Boni, o eterno campeão de audiência fala do futuro da mídia





Tive o privilégio de assistir à palestra do Boni na
Casa do Saber, um espaço super interessante, com uma programação de cursos e palestras de uma qualidade excepcional e que há muito tempo eu queria conhecer. O título da palestra não podia ser mais chamativo: “No ar, um campeão de audiência de todos os tempos".

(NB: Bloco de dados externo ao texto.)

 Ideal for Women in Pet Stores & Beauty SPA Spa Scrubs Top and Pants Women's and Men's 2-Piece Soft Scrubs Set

Conhecido como o Todo Poderoso da TV Globo ou o inventor do ‘Padrão Globo de Qualidade’. Boni é, na verdade, muito mais que isso. Não conheço a carreira dele de perto (nem seu caráter), mas digam o que disserem sobre ele, ninguém pode negar que o cara é o que se pode chamar de uma enciclopédia viva da televisão brasileira. Participou de tudo, de tudo mesmo, desde que a TV chegou ao país, na década de 50.

O mais bacana, porém, é que, ao contrário de tanta gente na sua faixa etária - já bem entrado nos 70 - Boni nada tem de saudosista ou de nostálgico, pelo contrário, até evita falar do passado. É super jovial, até na voz e na postura e está antenadíssimo com as novas mídias. Daí meu interesse em ouvir o que ele tinha a dizer. E foi ótimo.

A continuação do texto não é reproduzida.